Recorded data

--------

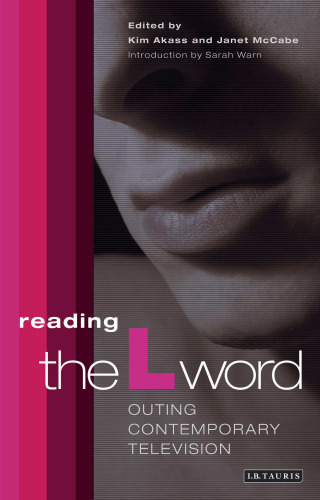 Reading The L Word: Outing Contemporary Television (Reading Contemporary Television)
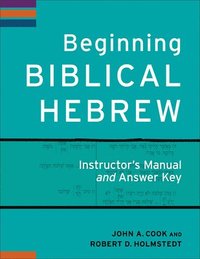bokomslag Beginning Biblical Hebrew Instructor`s Manual and Answer Key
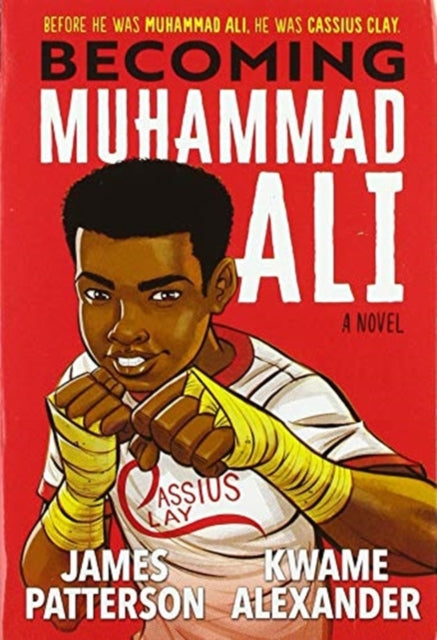 Book cover of: Becoming Muhammad Ali. By: James Patterson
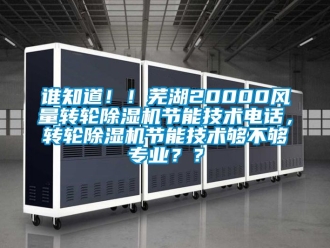 常見問題誰知道??！蕪湖20000風量轉輪除濕機節能技術電話，轉輪除濕機節能技術夠不夠專業？？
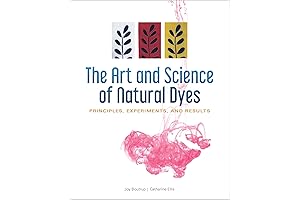 The Art and Science of Natural Dyes: Explore the Timeless Techniques for...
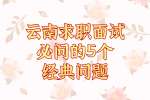 云南求职面试必问的5个经典问题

--------

When you reproduce the entries above, keep every word exactly and leave out each picture.

 Reading The L Word: Outing Contemporary Television (Reading Contemporary Television)
bokomslag Beginning Biblical Hebrew Instructor`s Manual and Answer Key
 Book cover of: Becoming Muhammad Ali. By: James Patterson
 常見問題誰知道??！蕪湖20000風量轉輪除濕機節能技術電話，轉輪除濕機節能技術夠不夠專業？？
 The Art and Science of Natural Dyes: Explore the Timeless Techniques for...
 云南求职面试必问的5个经典问题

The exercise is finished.